7 May 2000 The Applicant fills out an application for extension of time.
10 May 2000 The application for extension of time is lodged with the AAT.
(a) The Applicant was self-represented, and assisted by an interpreter in the Vietnamese language. Mr Nathan Cureton of Blake Dawson Waldron, solicitors, appeared for the Respondent. I note in this context that the Applicant has been in Australia since 1983 and that, although his English is neither fluent nor grammatical, it is by no means non-existent. When Ms Richards gave evidence (by telephone) he informed the interpreter that he did not want it interpreted, because (so he said) he understood it. The Tribunal was anxious to ensure that this was indeed so and pressed him for his assurance that he did not need interpretation; he said that he understood 70% of it. It is relevant to note that Ms Richards's evidence amplified her written statement (Exhibit R1) which had been furnished to the Applicant.
(b) This matter came before me originally in a hearing set down for hearing on 10 October 2000. At that hearing the Applicant sought a postponement; he said that he wished to obtain legal representation; he said also that he thought that Mr Cureton (who appeared for the Respondent at that hearing) was his solicitor. Although at that time I did not believe that the Applicant thought that the Respondent's solicitor was his representative (bearing in mind that he had had no such contact with him), I thought it desirable (given that he was a self-represented Applicant) to postpone the matter in order to enable him to obtain legal representation. In granting a postponement I warned the Applicant that further postponements on these grounds would be unlikely, and so he should make the necessary arrangements to enable him to be represented at the adjourned hearing.
(c) Shortly before the hearing commenced, my associate received a telephone call from Ms Victoria Havryliv, asking that I arrange for her to be telephoned from the hearing. Through the Tribunal telephone link, and at the commencement of the hearing, Ms Havryliv was contacted as requested by her. She said that she was an academic at Macquarie University and that she gave advice to persons in need at the Silverwater Metropolitan Remand Reception Centre ("MRRC"). She asked whether the matter could be postponed to enable the Applicant to receive advice. I advised her that the matter had previously been postponed; I also invited her to come to the hearing in order to assist the Applicant, and would have agreed to adjourn the hearing to enable her to come to the hearing. She declined to do so; she said that she had not made contact in any official capacity.

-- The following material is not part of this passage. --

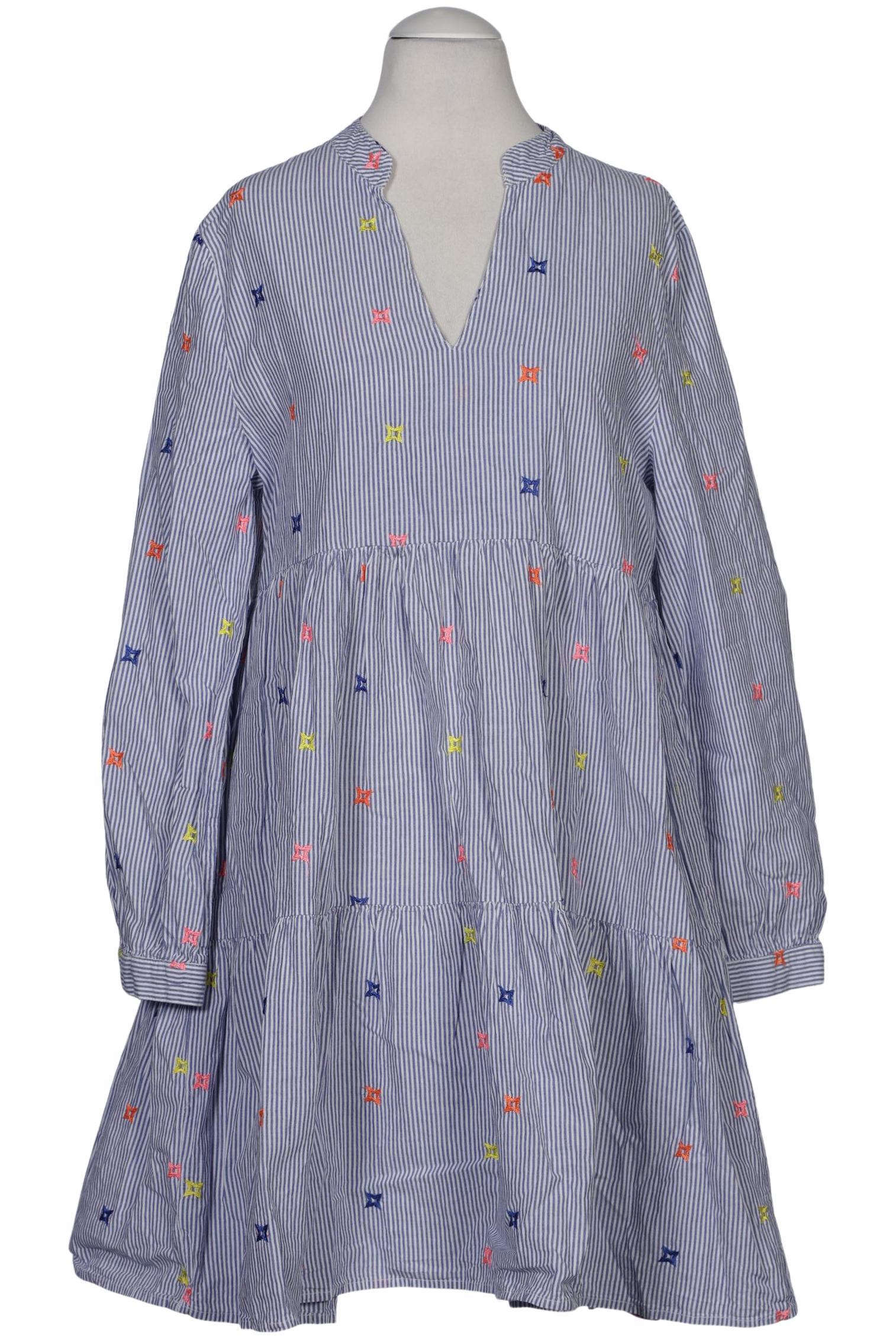 

Zwillingsherz Damen Kleid, hellblau, Gr. 36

(d) The Applicant then said that he wanted a postponement because he had received listing notices only a short while previously; he produced notices by the Tribunal both dated 11 January 2001; one relates to application number N1997/1366 and refers to "Hearing of Reinstatement Application", whereas the other relates to application number N1999/1678 and refers to "Application for Extension of Time". The Applicant said that he had not previously been made aware of the fact that the hearing would take place on 16 January 2001. That that statement was not truthful is evidenced by the fact that a listing notice had previously been sent to the Applicant (c/- MRRC, Private Bag 144, Silverwater), on 13 October 2000, (shortly after the first hearing date) advising him of the fact that the matter would be heard on 16 January 2001. The reasons why this hearing related to both a reinstatement application and an application for an extension of time are set out in paragraph 3 below.

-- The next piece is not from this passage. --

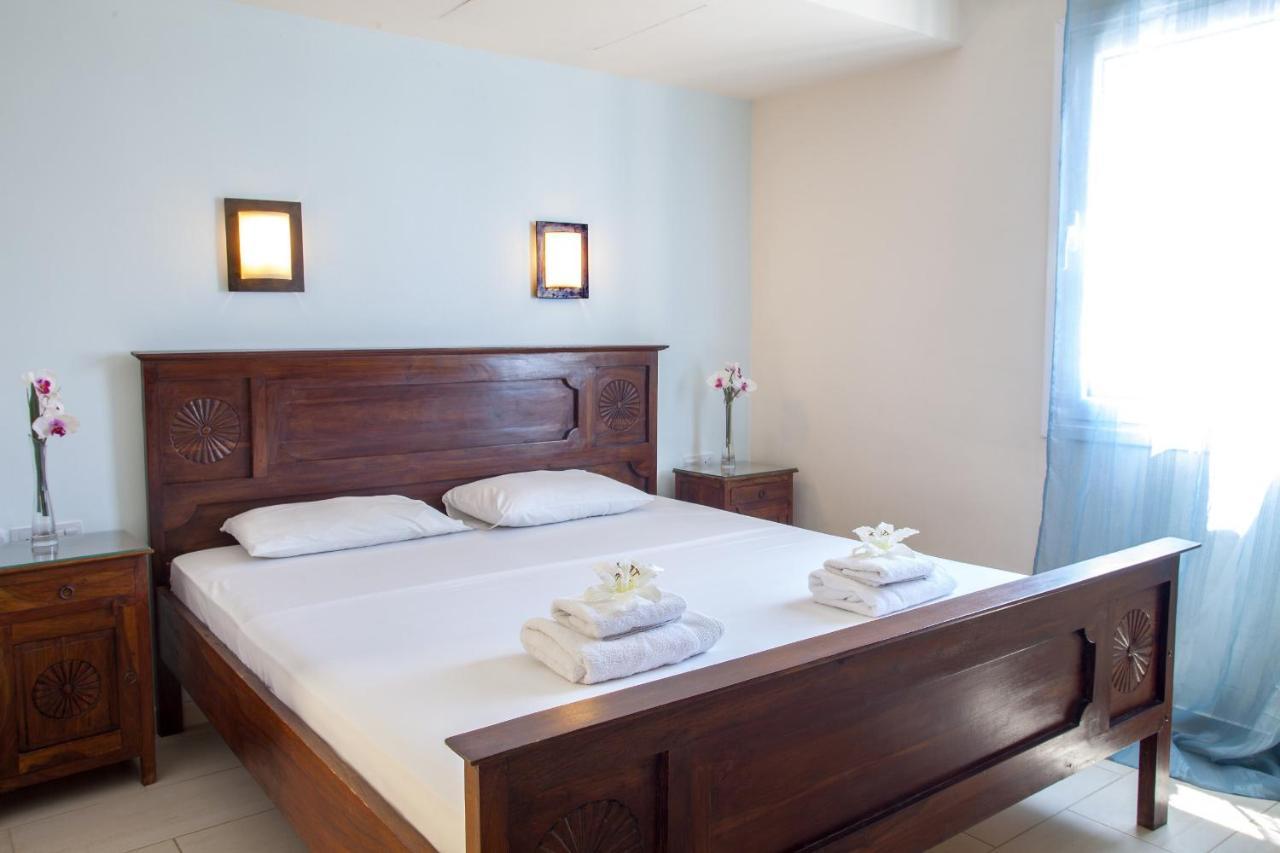 Protaras Seafront Villa Infinte Aretousa Luaran gambar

(e) The Tribunal had before it the T Documents lodged pursuant to section 37 of the Administrative Appeals Tribunal Act 1975 ("the AAT Act"), together with a number of exhibits, as follows :
Exhibit R1 is a statement dated 6 September 2000 by Jackqueline Richards who was the Applicant's former de facto partner; that statement reads as follows :
1. My name is Jackqueline (Jacky) Richards of an address known to Nathan Cureton of Blake Dawson Waldron Solicitors. My name before I was married was Jackqueline Lawlis.
2. In about 1986 I met the application Phat Tan Huynh. Approximately 9 months later we commenced a de facto relationship. There were two children born to this relationship, Sahra, who was born on 29 June 1987 and Adam, who was born on 9 November 1991.
3. Some time in about 1993 my relationship with the application ended while the applicant was in prison.
4. In July of 1996 I married my husband David Richards. My husband acts as a father to Adam and Sahra.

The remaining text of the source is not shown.